• EXERCISE REQUIREMENTS: Set down, exactly and only, everything from the line containing "The three most" down to the line containing "Once signed in" in the data below; the pictures are not part of the copy.

• DATA SHOWN:
————————
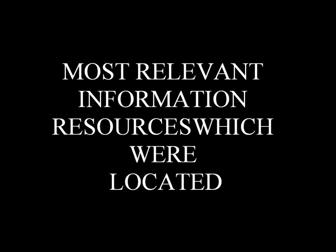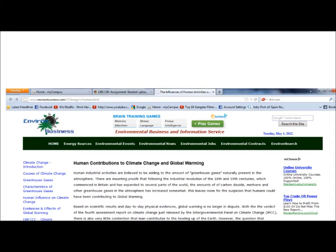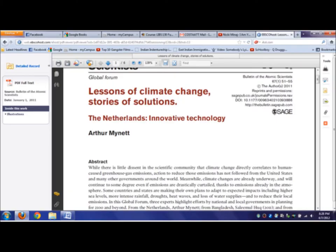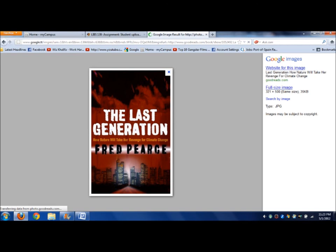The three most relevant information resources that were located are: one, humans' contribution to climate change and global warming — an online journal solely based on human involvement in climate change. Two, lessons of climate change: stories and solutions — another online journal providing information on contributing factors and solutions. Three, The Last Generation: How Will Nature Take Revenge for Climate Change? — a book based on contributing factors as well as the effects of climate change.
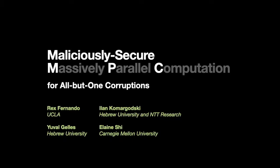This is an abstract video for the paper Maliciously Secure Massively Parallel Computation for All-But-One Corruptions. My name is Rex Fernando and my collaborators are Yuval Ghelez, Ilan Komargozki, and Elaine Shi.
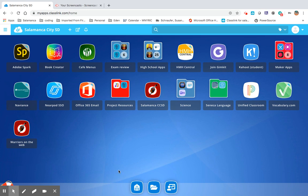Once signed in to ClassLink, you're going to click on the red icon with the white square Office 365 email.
————————
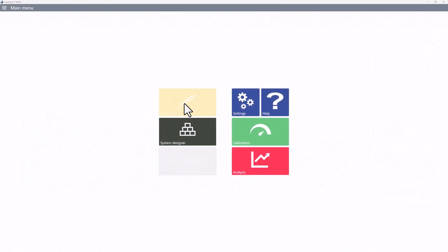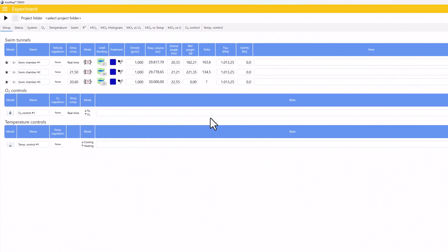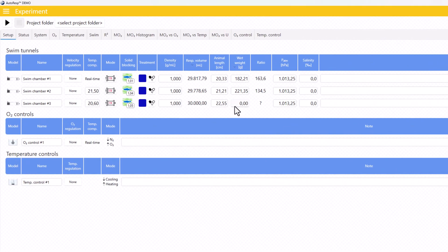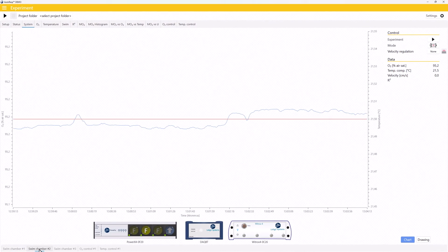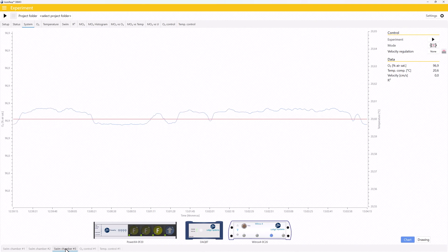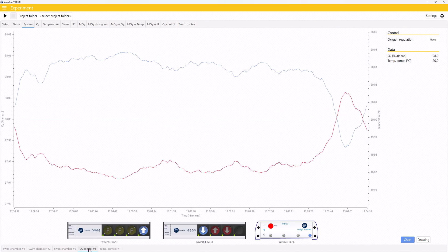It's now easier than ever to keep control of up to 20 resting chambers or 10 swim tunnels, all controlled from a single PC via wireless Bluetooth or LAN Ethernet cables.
————————
• TASK RESPONSE:
The three most relevant information resources that were located are: one, humans' contribution to climate change and global warming — an online journal solely based on human involvement in climate change. Two, lessons of climate change: stories and solutions — another online journal providing information on contributing factors and solutions. Three, The Last Generation: How Will Nature Take Revenge for Climate Change? — a book based on contributing factors as well as the effects of climate change.
This is an abstract video for the paper Maliciously Secure Massively Parallel Computation for All-But-One Corruptions. My name is Rex Fernando and my collaborators are Yuval Ghelez, Ilan Komargozki, and Elaine Shi.
Once signed in to ClassLink, you're going to click on the red icon with the white square Office 365 email.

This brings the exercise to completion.